Я встал. Эти разговоры я знал наизусть. Такое было уже полгода назад. Меня таскали в какую-то шарагу, где несимпатичные личности, у которых, кроме ссылок на Бога, и аргументов-то не было, заливали мне о семейном счастье и ставили записи с перевоспитавшимися американскими геями, судя по одежде – из середины восьмидесятых.
– Не бывает никакого семейного счастья! Я его не хочу. Я хочу жить интересно и умереть в одиночестве. Всё. Не надо мне тут…
Я вспомнил Стаса, которого в интернат отправила его родная мать. Как он стоял и смотрел на меня, когда я уезжал. Вот уж кому бы не стали ничего заливать про святость института семьи.

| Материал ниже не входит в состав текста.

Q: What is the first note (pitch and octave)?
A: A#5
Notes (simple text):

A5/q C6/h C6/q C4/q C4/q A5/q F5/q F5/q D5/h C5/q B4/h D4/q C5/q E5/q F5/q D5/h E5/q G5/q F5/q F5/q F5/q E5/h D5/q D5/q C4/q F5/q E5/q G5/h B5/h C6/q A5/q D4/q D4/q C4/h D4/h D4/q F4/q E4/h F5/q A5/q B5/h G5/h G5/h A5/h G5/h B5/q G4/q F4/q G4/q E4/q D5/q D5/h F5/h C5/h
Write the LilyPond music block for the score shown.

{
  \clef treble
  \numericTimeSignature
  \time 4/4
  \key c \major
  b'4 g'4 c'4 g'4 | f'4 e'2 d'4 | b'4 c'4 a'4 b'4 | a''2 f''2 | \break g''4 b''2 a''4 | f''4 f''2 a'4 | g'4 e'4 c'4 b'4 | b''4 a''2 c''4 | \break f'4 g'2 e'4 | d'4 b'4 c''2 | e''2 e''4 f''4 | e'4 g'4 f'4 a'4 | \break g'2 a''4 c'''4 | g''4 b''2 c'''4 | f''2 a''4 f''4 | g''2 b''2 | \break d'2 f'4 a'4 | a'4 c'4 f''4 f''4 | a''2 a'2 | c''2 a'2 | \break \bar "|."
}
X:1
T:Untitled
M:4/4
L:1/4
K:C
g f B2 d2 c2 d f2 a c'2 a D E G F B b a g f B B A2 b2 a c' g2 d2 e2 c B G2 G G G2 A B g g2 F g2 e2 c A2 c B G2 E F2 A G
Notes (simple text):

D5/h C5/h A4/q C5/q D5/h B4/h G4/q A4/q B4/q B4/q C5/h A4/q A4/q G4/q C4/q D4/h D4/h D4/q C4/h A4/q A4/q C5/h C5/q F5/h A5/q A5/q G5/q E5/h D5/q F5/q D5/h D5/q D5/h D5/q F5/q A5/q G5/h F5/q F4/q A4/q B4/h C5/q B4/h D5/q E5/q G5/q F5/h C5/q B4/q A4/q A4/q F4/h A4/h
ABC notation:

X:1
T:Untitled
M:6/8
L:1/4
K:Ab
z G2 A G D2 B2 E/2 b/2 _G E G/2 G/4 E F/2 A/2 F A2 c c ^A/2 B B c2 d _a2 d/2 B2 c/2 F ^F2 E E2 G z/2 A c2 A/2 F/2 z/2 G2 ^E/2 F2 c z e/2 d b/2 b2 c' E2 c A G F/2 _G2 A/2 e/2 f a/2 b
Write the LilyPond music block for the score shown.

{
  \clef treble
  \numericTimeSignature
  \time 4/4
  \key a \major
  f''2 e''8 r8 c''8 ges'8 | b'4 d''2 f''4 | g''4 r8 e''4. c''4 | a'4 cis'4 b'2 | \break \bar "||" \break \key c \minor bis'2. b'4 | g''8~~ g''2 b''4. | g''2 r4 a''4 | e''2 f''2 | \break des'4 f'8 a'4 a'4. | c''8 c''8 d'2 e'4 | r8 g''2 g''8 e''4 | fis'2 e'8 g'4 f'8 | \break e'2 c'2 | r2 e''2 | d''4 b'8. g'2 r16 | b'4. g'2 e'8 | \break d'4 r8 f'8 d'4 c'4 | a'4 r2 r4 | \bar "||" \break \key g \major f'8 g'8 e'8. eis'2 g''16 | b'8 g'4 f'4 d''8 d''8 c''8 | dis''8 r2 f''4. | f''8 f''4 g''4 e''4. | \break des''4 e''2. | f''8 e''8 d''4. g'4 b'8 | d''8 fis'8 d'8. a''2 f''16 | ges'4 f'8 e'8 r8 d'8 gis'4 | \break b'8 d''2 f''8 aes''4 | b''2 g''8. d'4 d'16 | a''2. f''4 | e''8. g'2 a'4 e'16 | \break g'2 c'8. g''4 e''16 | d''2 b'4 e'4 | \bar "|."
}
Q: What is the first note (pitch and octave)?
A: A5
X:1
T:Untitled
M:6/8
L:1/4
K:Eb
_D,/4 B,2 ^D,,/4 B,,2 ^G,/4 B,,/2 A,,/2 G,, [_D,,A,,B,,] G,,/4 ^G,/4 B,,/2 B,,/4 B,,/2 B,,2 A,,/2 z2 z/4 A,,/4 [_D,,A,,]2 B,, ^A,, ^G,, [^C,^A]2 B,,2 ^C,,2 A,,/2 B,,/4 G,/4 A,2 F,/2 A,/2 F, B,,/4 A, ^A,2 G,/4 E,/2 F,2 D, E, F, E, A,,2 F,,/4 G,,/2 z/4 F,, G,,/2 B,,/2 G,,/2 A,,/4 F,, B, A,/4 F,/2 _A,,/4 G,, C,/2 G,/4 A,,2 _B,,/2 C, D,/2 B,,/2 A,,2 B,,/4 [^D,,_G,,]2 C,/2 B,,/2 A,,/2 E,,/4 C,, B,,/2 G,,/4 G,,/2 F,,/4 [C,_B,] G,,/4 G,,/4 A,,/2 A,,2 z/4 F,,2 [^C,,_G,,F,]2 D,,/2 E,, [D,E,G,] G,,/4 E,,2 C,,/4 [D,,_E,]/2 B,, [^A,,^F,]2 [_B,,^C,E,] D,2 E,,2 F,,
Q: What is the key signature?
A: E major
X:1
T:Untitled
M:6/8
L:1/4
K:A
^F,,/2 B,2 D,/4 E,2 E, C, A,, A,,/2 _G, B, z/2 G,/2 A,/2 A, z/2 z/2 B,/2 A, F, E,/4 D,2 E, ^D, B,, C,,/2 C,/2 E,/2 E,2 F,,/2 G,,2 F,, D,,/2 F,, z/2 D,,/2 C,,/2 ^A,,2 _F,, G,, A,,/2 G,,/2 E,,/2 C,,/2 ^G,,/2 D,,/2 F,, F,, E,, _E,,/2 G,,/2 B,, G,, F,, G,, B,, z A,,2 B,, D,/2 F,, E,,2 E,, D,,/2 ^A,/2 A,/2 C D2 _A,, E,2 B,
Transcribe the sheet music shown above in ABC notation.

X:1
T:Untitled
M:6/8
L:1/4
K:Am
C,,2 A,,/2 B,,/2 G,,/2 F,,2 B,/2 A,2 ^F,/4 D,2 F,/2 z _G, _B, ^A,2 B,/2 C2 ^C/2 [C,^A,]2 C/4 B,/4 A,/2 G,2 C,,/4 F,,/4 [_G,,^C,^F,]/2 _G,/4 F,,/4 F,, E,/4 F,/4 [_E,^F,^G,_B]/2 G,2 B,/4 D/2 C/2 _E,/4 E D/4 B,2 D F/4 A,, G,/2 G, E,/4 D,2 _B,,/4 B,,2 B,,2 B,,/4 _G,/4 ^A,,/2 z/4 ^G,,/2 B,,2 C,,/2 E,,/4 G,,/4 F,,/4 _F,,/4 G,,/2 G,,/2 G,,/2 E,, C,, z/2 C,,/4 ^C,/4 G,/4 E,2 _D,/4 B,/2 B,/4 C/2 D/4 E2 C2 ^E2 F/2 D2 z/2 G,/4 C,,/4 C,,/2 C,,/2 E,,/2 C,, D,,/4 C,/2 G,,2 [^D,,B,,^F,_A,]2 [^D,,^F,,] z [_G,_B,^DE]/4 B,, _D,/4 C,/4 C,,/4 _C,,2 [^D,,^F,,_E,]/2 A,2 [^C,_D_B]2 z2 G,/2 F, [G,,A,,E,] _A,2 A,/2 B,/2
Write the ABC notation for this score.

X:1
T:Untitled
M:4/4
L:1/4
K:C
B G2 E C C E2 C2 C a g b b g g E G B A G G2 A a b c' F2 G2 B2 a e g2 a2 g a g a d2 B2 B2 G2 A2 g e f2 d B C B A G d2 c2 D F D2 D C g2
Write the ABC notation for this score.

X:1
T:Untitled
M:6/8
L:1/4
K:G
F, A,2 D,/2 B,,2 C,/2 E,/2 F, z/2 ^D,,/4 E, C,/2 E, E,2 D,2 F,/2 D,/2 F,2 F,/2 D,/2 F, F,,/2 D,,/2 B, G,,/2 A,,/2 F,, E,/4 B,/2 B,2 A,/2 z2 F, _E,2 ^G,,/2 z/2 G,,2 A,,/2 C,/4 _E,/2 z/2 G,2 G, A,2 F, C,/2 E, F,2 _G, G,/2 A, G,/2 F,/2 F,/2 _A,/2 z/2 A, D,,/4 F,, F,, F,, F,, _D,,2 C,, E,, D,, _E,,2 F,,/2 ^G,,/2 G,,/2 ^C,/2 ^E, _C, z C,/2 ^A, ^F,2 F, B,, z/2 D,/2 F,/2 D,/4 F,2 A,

– И вообще, кому в наше время нужна семья? Если мне вдруг придёт в голову завести ребёнка (тут я поморщился), то не обязательно же жениться! Кто-нибудь может родить тебе за деньги и всё.
– И твой ребёнок будет расти без матери! – вклинилась вдруг Светлана.
Её-то кто просил голос подавать?
– Я рос без матери и ничего, не умер.
Я ушёл из-за стола в свою комнату. Этот разговор, вроде совершенно обычный, наложил на мою душу очень тягостный отпечаток. Что-то в нём такое было… Какой-то скрытый подтекст, который я не смог расшифровать. Надо было, наверное, остаться и ещё подискутировать с Галстуком и Бусами, но я не мог. Такие разговоры всегда шли по одному и тому же пути. Начинались длинные рассуждения о бессмысленности жизни гея, о пустоте, о том, что все геи на самом деле сожалеют, что они не натуралы, и тайная мечта каждого гея – излечиться, завести семью и умереть в возрасте ста лет, окружённым скорбящими внуками и сопливыми правнуками. «Ждущими твоего наследства», – обычно добавлял Спирит. Мне даже, помнится, давали почитать книжечку одного такого «излечившегося». Всё, что я из неё понял – этот неведомый мне тип был редким трусом. Он боялся себя и своих желаний, он боялся полюбить мужчину и относился к себе, как к больному. В его словах, там, где он писал о своём «излечении», звучало огромное облегчение. Пронесло. Он смог. Он как все. Как будто его пронесло… мимо лагеря смерти, не меньше. Но ведь он не стал натуралом. Он стал геем, «который смог». Спасибо, я насмотрелся на таких.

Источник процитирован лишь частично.